Послюнявила пальцы, словив на себе брезгливый взгляд обожжённой крали. Обложка блокнота стукнулась о столешницу. Страницы, потрёпанные по краям, побежали назад, показывая фамилии, даты явок, сведения о выданных освобождениях от работы. Я привыкла писать вразнобой, просто открывая блокнот на первом попавшемся чистом листе.
Наконец-то! Чистая страничка! Переплёт нежно хрустнул, открывая разворот…
В следующее мгновение я сама почувствовала себя ошпаренной. Когда кипяток попадает на кожу, первое время боль не ощущается. Лишь потом она накатывает неотвратимой волной, принося с собой багрянец воспаления и пузыри. Вот и я словно зависла в этом растянувшемся мгновении, что приходит перед болью. Воздух затвердел и стал стеклянным. Кожа онемела. Онемела голова.
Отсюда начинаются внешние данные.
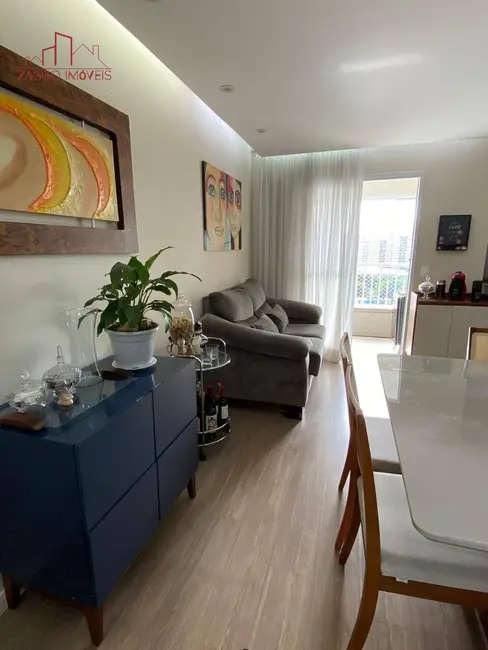 Foto 2 de Apartamento com 3 quartos à venda, 66m2 em Vila Prel, São Paulo - SP
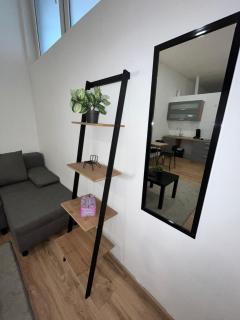 Apartment Central 10C 40qm Wi-Fi free Parking calm back house - Dortmund - 5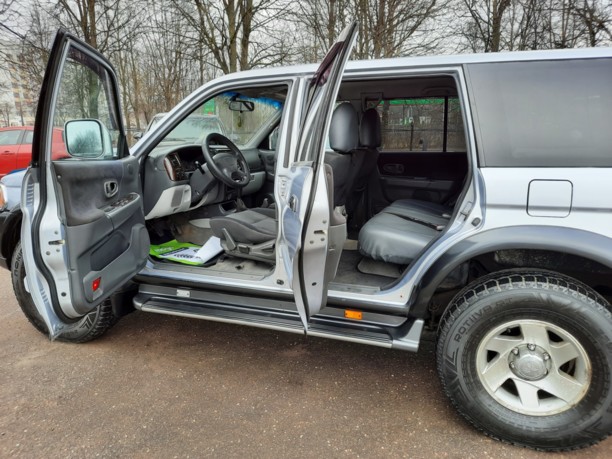 Mitsubishi Pajero Sport I, 2004 г.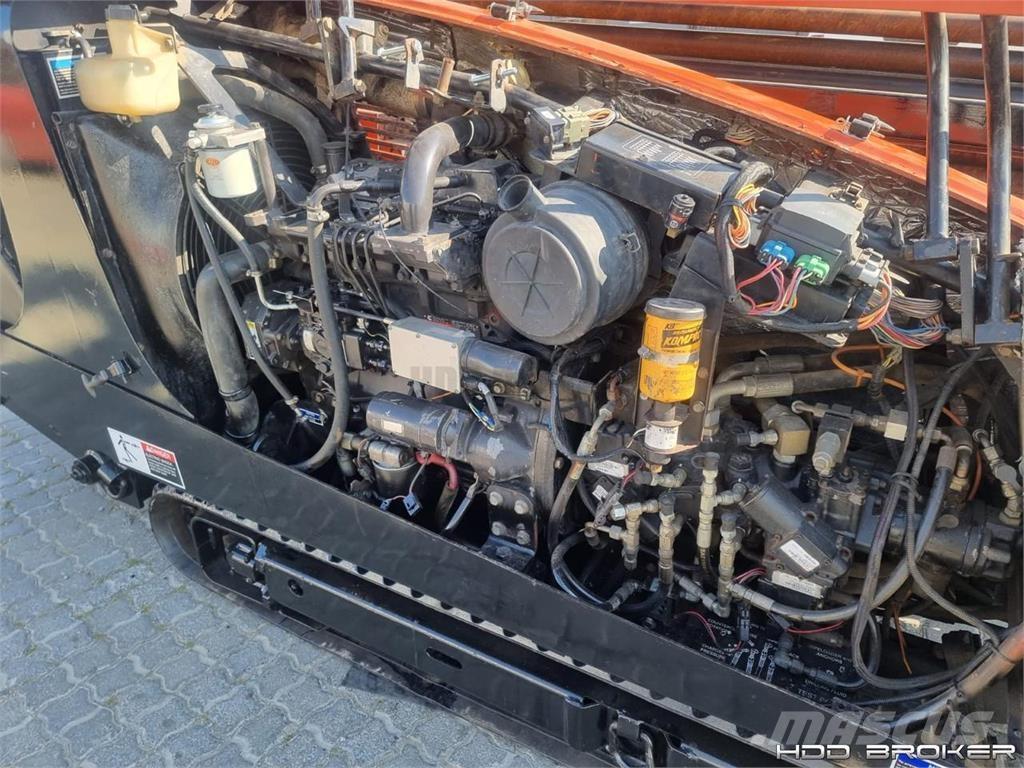 Ditch Witch JT2020 Mach 1 Oprema za vodoravno usmjerenje bušenja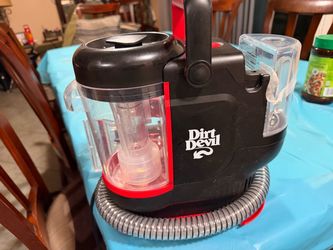 Dirt Devil Portable Spot Cleaner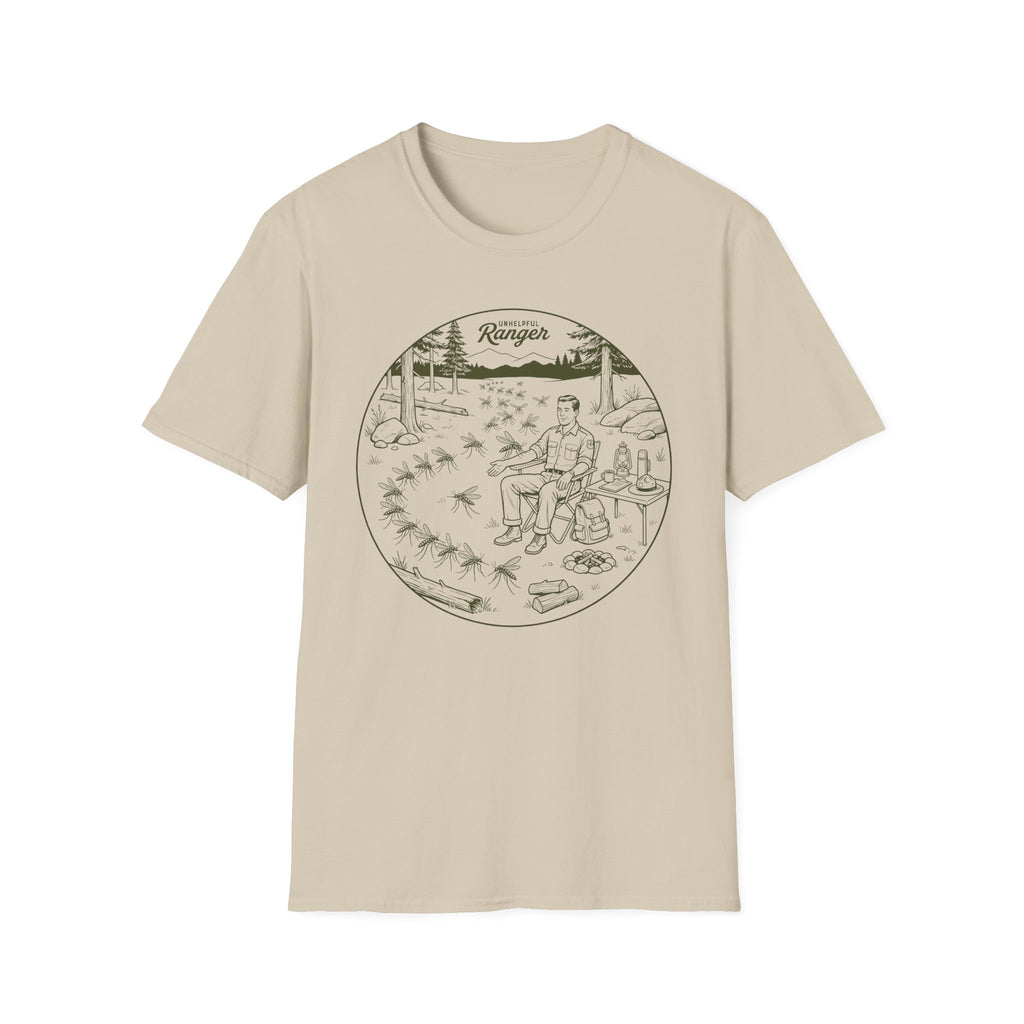Mosquito Assembly Line T-Shirt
Онемели и мысли, превратившись в тяжёлые камни.
– Что? – только и смог выговорить задеревеневший язык.
– Всё хорошо, госпожа Альтеррони? – Шири оторвался от посетительницы и бросил в мусор охапку использованных бинтов. – Вы побледнели.
Сделала вдох. Выдох. И снова – вдох. Ни к чему плодить лишние слухи. Ни к чему.
– Малокровие, – отозвалась я. – Прибрали бы его Разрушители.
– Вам нужно есть больше мяса! – Шири со знанием дела погрозил пальцем. – Покровители не зря велели людям употреблять животных в пищу!
Слова Шири утонули в гомоне мыслей. Онемение отступало, только его место занимала не боль, а тревога. И ужас. Пронзительный ужас.
С разворота блокнота на меня смотрели кривые буквы, выведенные детской рукой. Они убегали со строчек, падали плашмя, словно их вычерчивали с закрытыми глазами. Четыре слова. Ни одной запятой. Четыре слова, оставляющие мурашки на коже. И уйму вопросов, распирающих голову.
«Споси нас тетя гатрэ», – кричали буквы.
***
– Альтеррони? – госпожа Стоун указала сухой рукой на кресло для посетителей. Казалось, что её загнутые ногти вот-вот продерут дыру в пространстве. – Садитесь сейчас же.
Как же я люблю госпожу Стоун за безупречный такт и хорошие манеры! Но ещё больше я люблю себя обманывать. Особенно в подобных ситуациях, когда просто необходимо себе это внушить.